Inspiration
An experiment to enrich web browsing from the client side using your LLM conversations and browsing history.
What It Does
Humanize is a Chrome extension that personalizes every webpage you visit. It analyzes content against a persistent memory of your interests, highlights what's relevant, flags what isn't, and explains why via tooltips. Places on a page get enriched with live Google Maps data and a personalized reason you'd care.
A command palette (Cmd+K) lets you ask questions, create Google Calendar events, look up reviews, or modify the page through natural language or voice.
It also clusters your browsing history into research topics and generates shareable HTML digests enriched via Google Search, uploaded as Gists. Over time it detects patterns and suggests learned preferences with confidence scores you can accept or reject.
How We Built It
A Manifest V3 Chrome Extension connects over WebSocket to a local Python server. All data stays on-device in Qdrant via mem0, with Nomic-embed-text embeddings through Ollama so "loves vintage aesthetics" matches "retro camera shop" on any page.
Gemini 3.0 Flash handles page analysis, tool-calling commands, preference extraction, and digest generation. Page modifications stream immediately while place enrichment runs in parallel batches. Commands stream text with intermediate tool events to stay responsive.

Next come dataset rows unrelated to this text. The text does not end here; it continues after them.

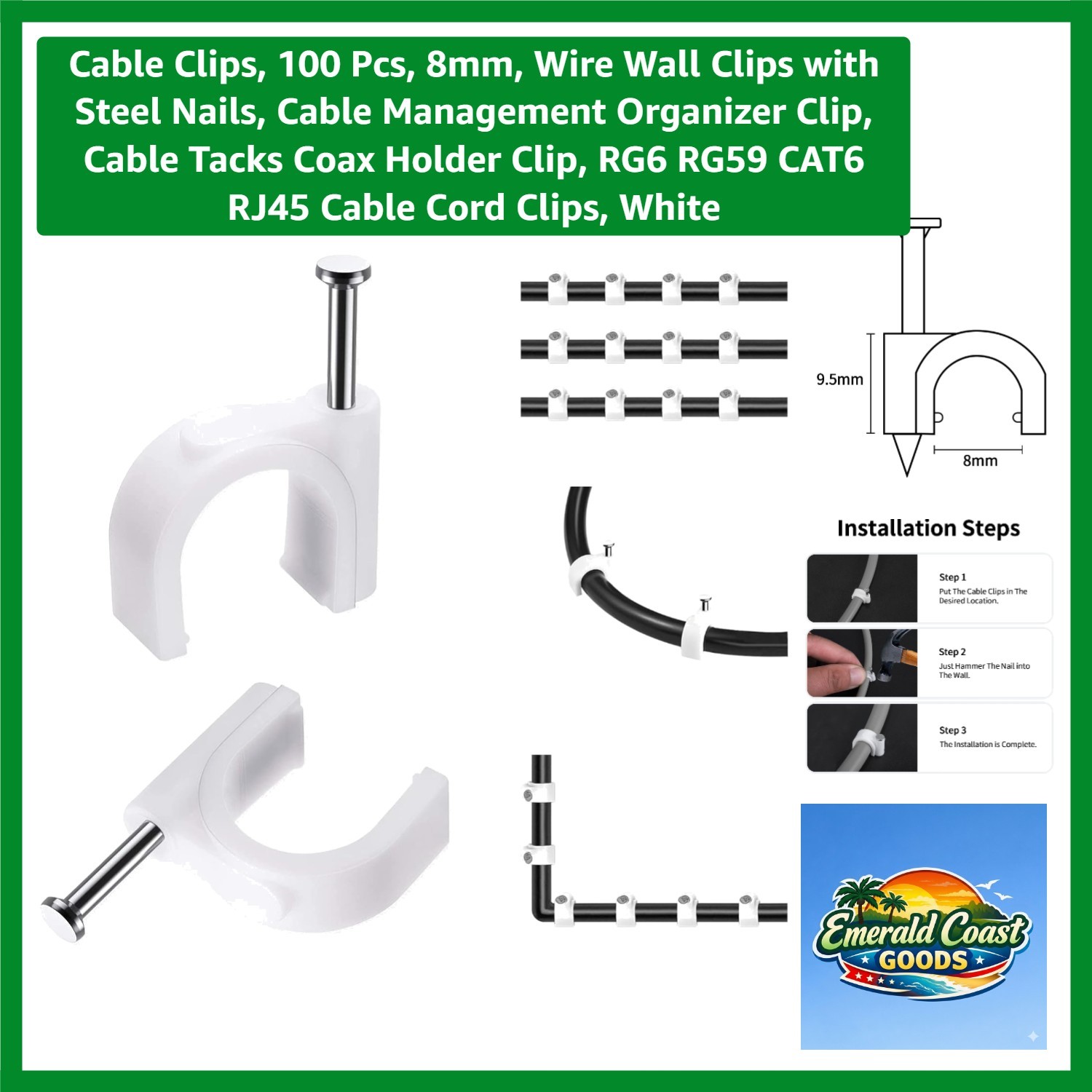 100 Pcs 8mm Cable Clips with Steel Nails – Modern White Cable Management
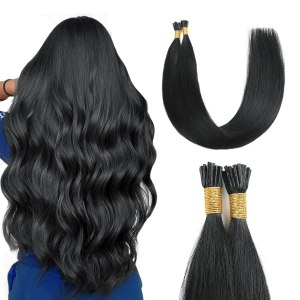 Sunya Extensiones de cabello humano con punta I Tip de 20 pulgadas, extensiones de cabello humano negro azabache con punta en Itip extensiones de Sunya Extensiones de cabello humano con punta I Tip de 20 pulgadas, extensiones de cabello humano negro azabache con punta en Itip extensiones de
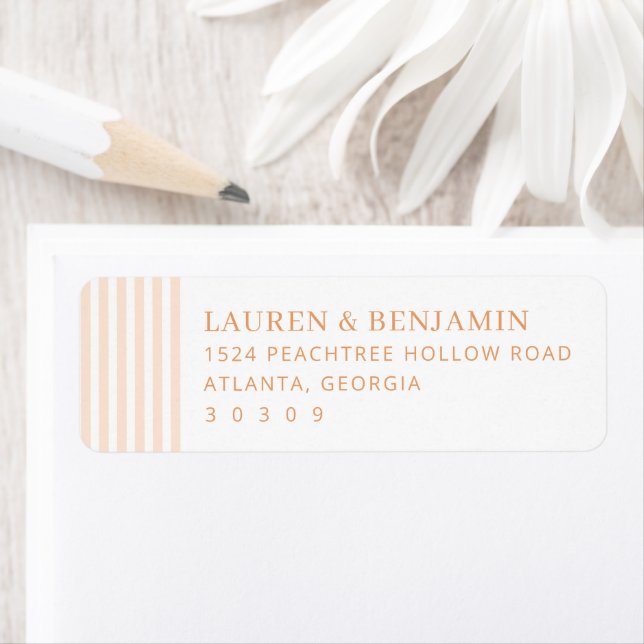 Elegant Peach Stripes Return Address Label (Insitu)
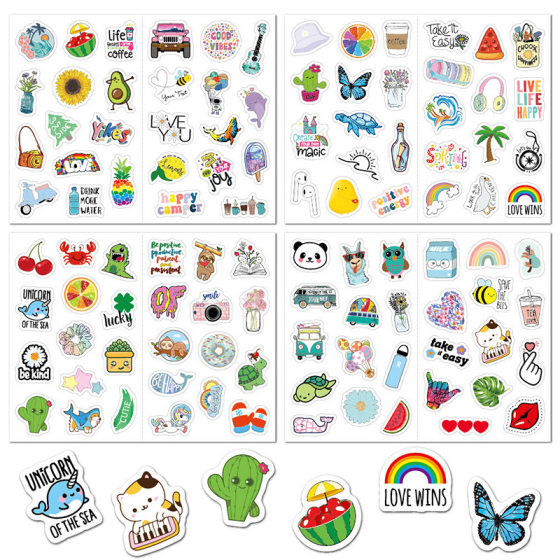 Cross-border explosions beach stickers waterproof cartoon cute small fresh water cup luggage sticker sticker
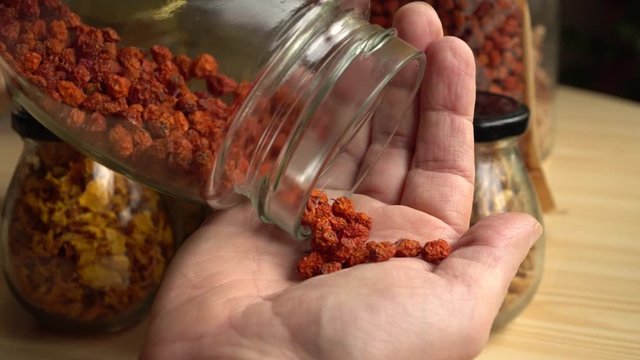 A man shows the structure of dried rowan berries. The offer of healthy homemade nutrition spices and ingredients.  Natural food products of vegan placed in glass jars.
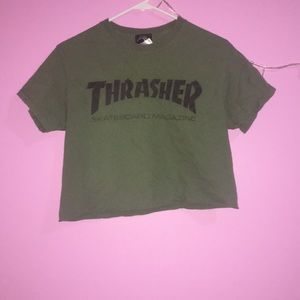 DIY cropped thrashers tee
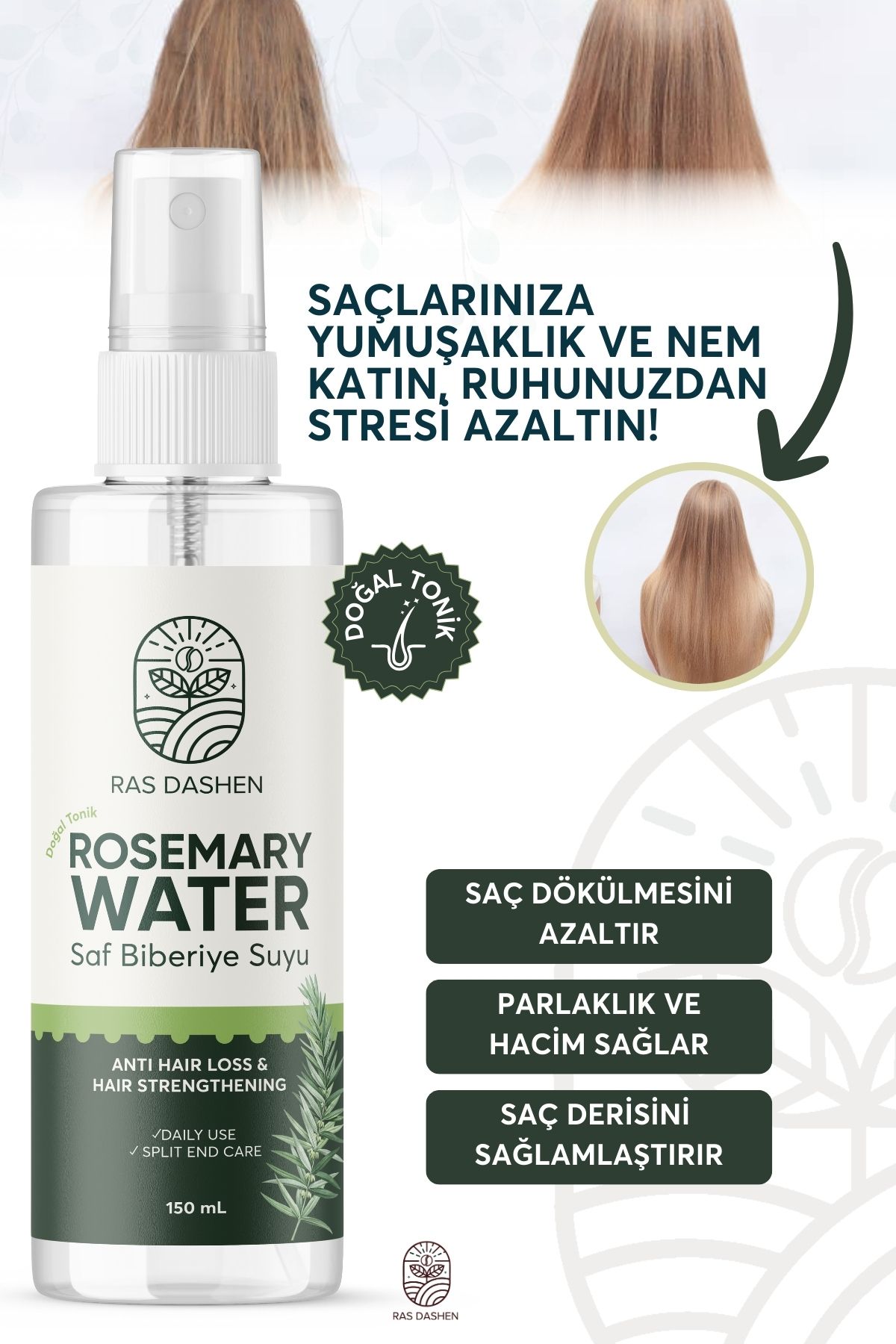 Biberiye Suyu Dökülme Karşıtı Ve Saç Uzamasını Destekleyici Saç Toniği %100 Doğal Ve Saf 150 Ml1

The extension injects four content scripts: icons, utilities, a glassmorphism design system, and core DOM manipulation. A service worker manages WebSocket reconnect, Calendar OAuth, and background digests.
Challenges
Injecting highlights on every website means handling CSS specificity conflicts, broken listeners, dynamic content, and tooltip positioning without disrupting pages.
The harder problem was useful personalization. Connecting "loves Art Deco" to the Chrysler Building is great. Stopping it from connecting "eats food" to every restaurant took careful prompting and explicit rules about when not to personalize.
Latency remains unsolved and likely an inference-layer problem, not application-layer.
Accomplishments
A restaurant blog, travel article, YouTube video, and real estate listing all produce meaningfully different results based on who you are. The memory loop (browsing feeds memories, memories feed analysis, analysis surfaces interests) means the system improves with use. Research digests materialize from history automatically: topics clustered, research added, shareable pages generated. Highlights appear almost as soon as pages load.